Urine alkalization facilitates uric acid excretion

Background
Hypouricemia is a primary concern of Kanbara and colleagues. This occurs when there is a deficiency of uric acid in the blood and has been associated with the onset of gout, incidence of cardiovascular disease, renal disease, hypertension, and diabetes (Kenbara et al., 3). Most current medical interventions that are widely used for the treatment of gout have relied on pharmacological methods. One common pharmacological tool is a xanthine oxidase inhibitor, which is a variety of antidepressant (MedLine Medical Dictionary). These methods, while often effective, also carry the risk of side effects. The authors believe that dietary interventions may be viable alternatives for the treatment of hypouricemia.

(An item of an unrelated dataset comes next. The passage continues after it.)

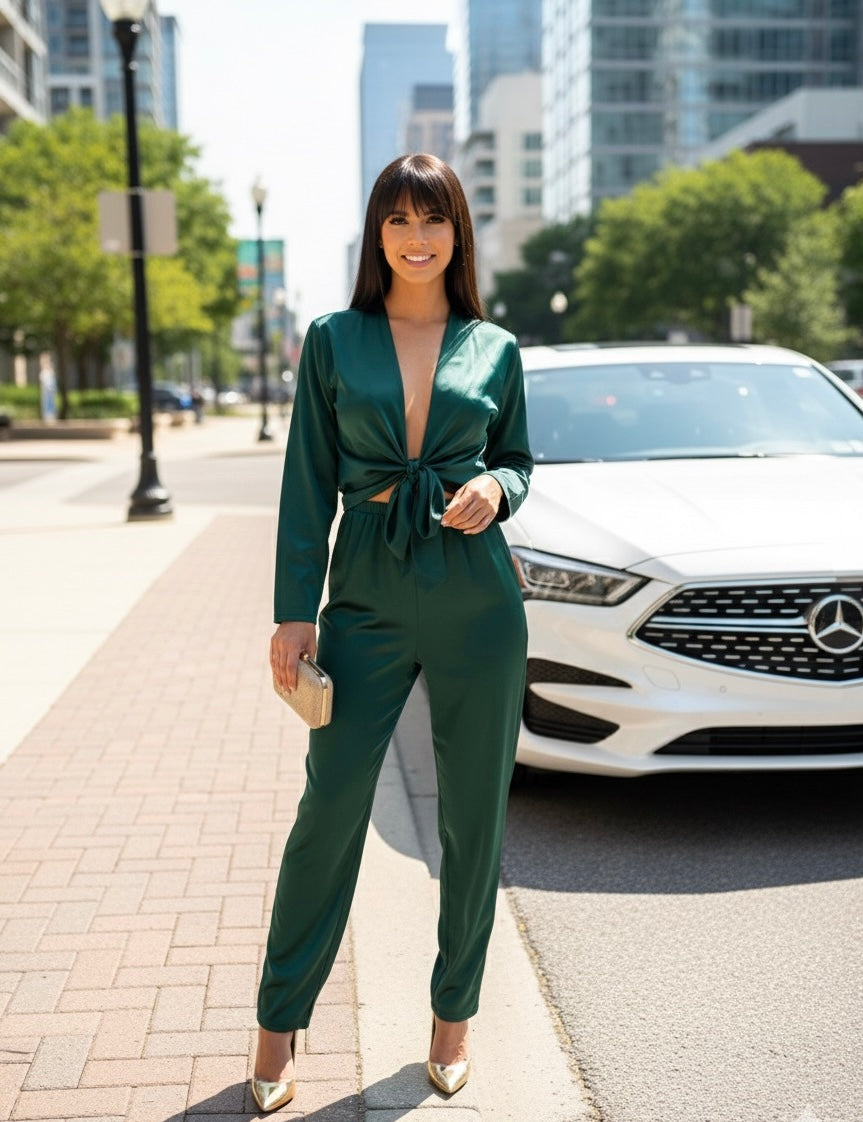 Women’s Satin Tie-Front Jumpsuit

Kanbara and colleagues cite two prominent studies to provide background for their hypothesis: the first was conducted by Hagos, Stein, Ugele, Burckhardt, and Bahn and the other was conducted by Guggino, Martin, and Aronson. These studies focused on the mechanisms of uric acid re-absorption and transport in the body. Uric acid is a weak acid that is present in small amounts in human urine as an end product of purine metabolism. Both of these studies have hypothesized that the commitment of human organic acid transporter 4 can carry out inwardly directed urate transport in exchange with outwardly directed OH movement (Kanbara et al., 4). Kanbara and colleagues take this hypothesis into account as they study the how urine pH is determined by acid generation from food metabolism. This article seeks to show that designed diets are effective in removing uric acid from the body and hope to show that alkaline urine is more favorable for removal than acid urine.